The presence of previous neoplasm was not an exclusion criterion. As suggested by the Reviewer, to clarify this issue the phrase ‘The presence of previous neoplasm was not an exclusion criterion.’ was added to Material and Methods section on page 2, lines 87-88 and marked with red font.  

 

  1. There is an item of "Other" in Table one. Please specify under the table, what are the "others" that are included.

 

Table 1 addresses the patients’ and treatment characteristics. ‘Other’ mentioned by the Reviewer refers to symptoms which were present in patients before tumor diagnosis. The number and the variety of those symptoms prevented us from initial inclusion into the article.

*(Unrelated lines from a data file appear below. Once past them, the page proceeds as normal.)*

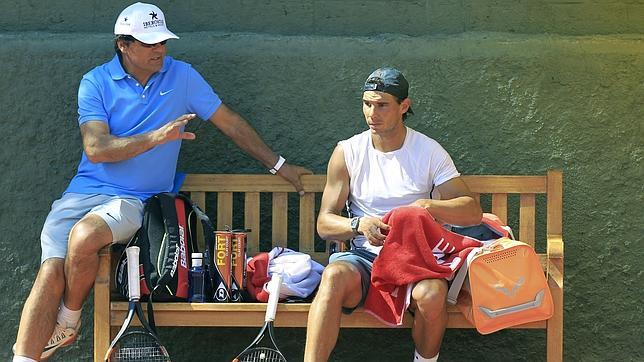 Toni y Rafa Nadal, durante un entrenamiento previo a Wimbledon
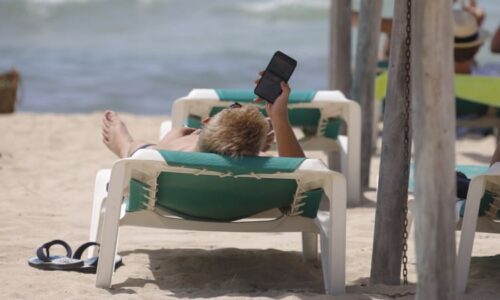 Na cestovatele čekal po návratu z dovolené šok. Účet za telefon se vyšplhal na miliony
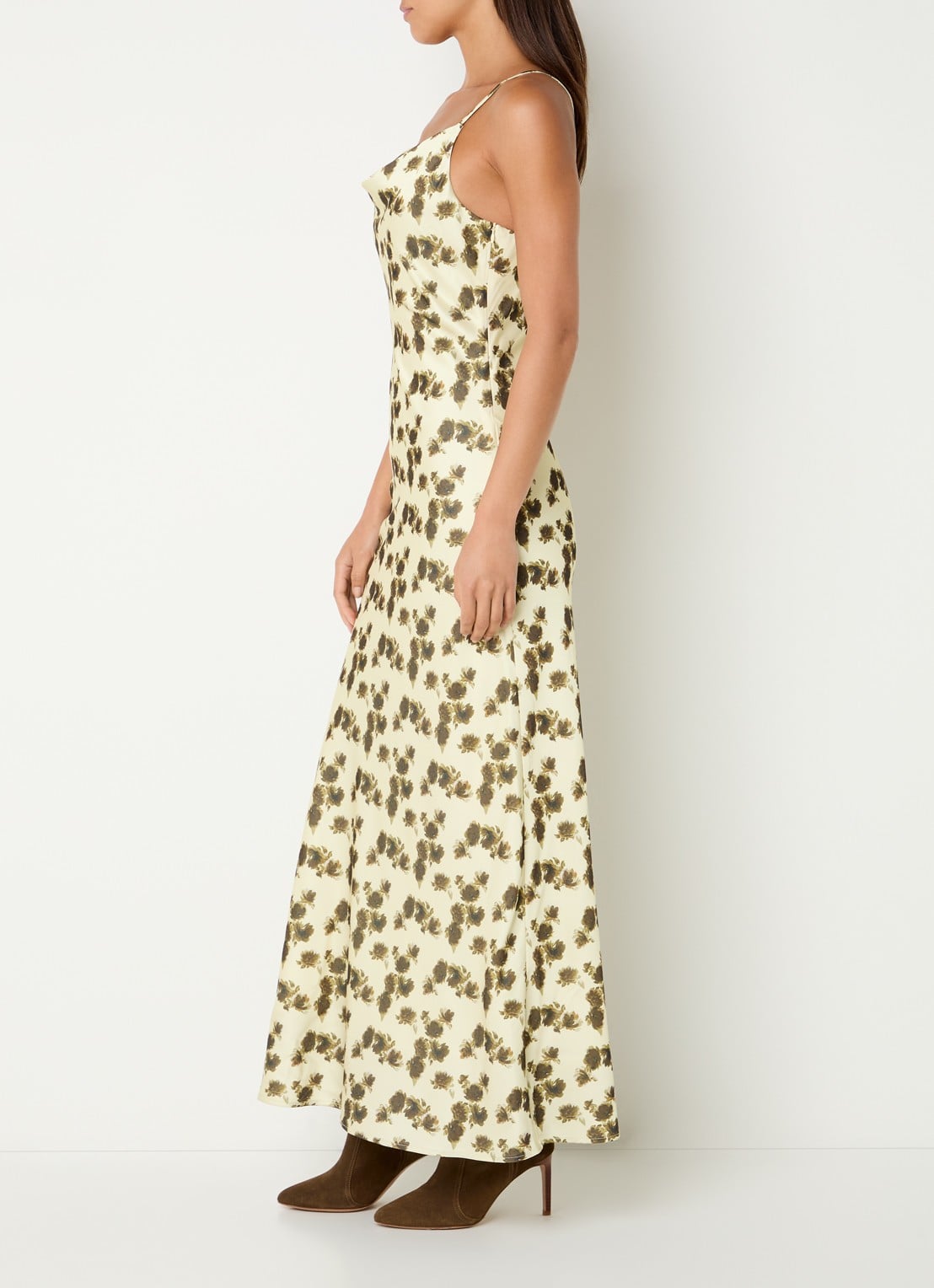 Gestuz Chery midi jurk met bloemenprint - voorkant 3 lichtgeel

Other observed symptoms were (the number of symptoms does not reflect the number of patients as one patient can present with more than one symptom): facial nerve compression symptoms (8 patients), behaviour changes (6 patients), impaired concentration (5 patients), somnolence (2 patients), memory impairment (2 patients), psychotic symptoms (2 patients), nervous tics (1 patient), numbness of the foot (1 patient), dizziness (1 patient), aphasia (1 patient), forced position of the head (1 patient), breathing difficulties (1 patient), taste disturbances (1 patient), paleness (1 patient), asymmetrical positive Babinski symptom (1 patient), tachycardia (1 patient).

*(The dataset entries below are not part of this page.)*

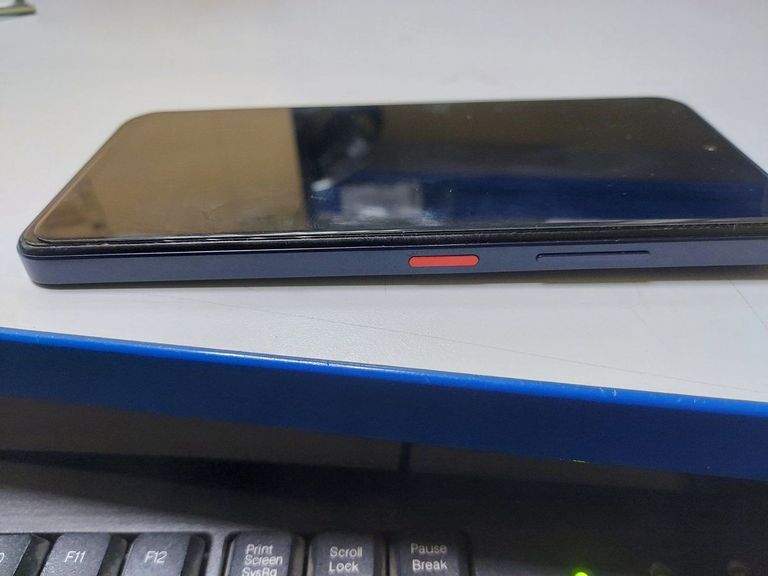 Купити Zte Nubia V60 Design 6/256GB Purple Б/У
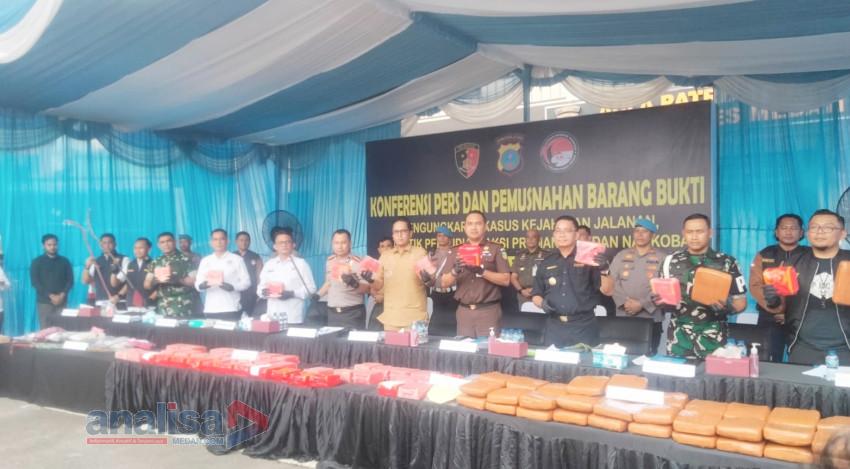 Polrestabes Medan Tegas Berantas Narkoba, 52 Kg Sabu dan 50 Kg Ganja Dimusnahkan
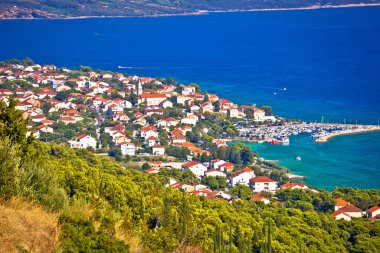 Hırvatistan 'ın güney Dalmaçya bölgesindeki tepeden Peljesac yarımadasındaki Orebiç kasabası manzarası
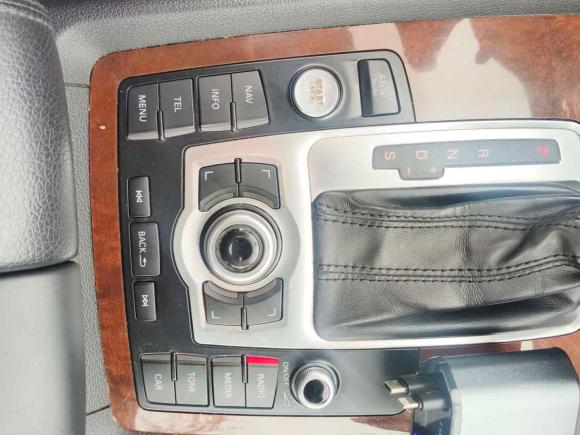 [上海·沪B] 二手奥迪奥迪Q72012款 3.0 TFSI 舒适型(200kW)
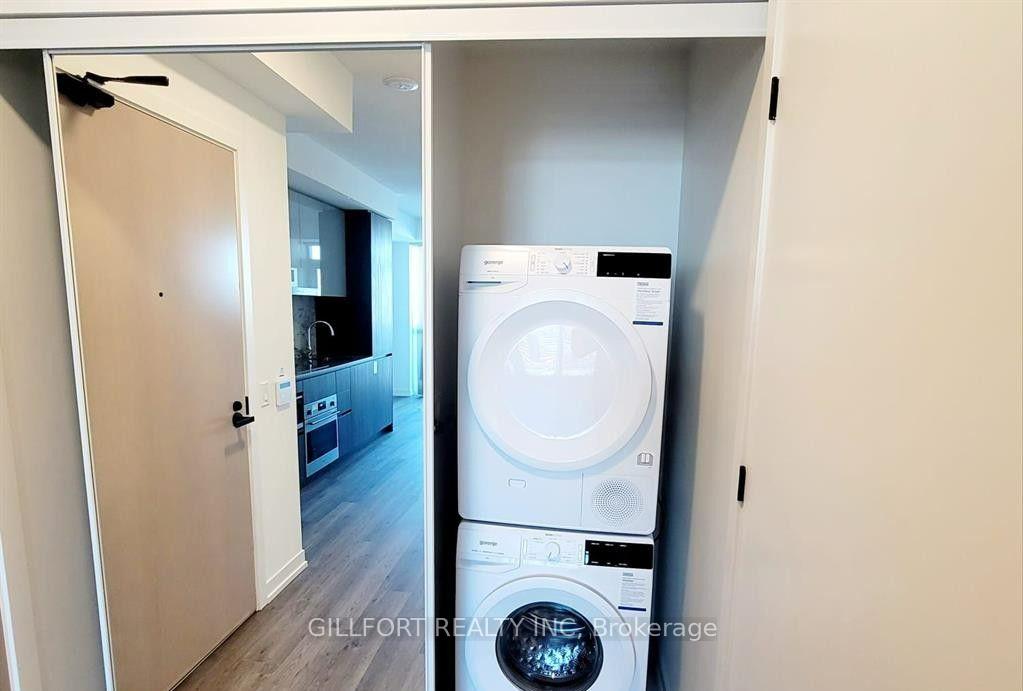 Photo 6 of Unit 2808, 8 Interchange Way, Vaughan, Vaughan Corporate Centre — HOMEH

As suggested by the Reviewer this information (as mentioned above) was added under the Table 1 (page 4, lines 131-135) and marked with red font.

 

  1. In this manuscript, there is no "Stupp's protocol":RT?TMZ+TMZ alone- treatment group? What is the reason?

 

Stupp protocol is not routinely applied in paediatric population in Poland. As mentioned in the Discussion on page 13, lines 338-32: ‘The current protocol in HGG in children over 3 years old in Poland (which is recommended, but not standard procedure in all polish hospitals) includes: surgery (maximal safe resection), 2 to 4 cycles of CTH (irinotecan + carboplatin), RT (+/- temozolomide) and adjuvant CTH – 4 cycles of cisplatin/ vincristine/ lomustine and 4 cycles of temozolomide/cisplatin alternately’ typical treatment in paediatric population differs from the one implemented in adult patients.

Round 2

Reviewer 2 Report

Dear authors,

Thank you for addressing the previous comments and for improving the text.

Your paper describes relevant retrospective data concerning the treatment of HGG in children, and can be valuable for designing future clinical trials.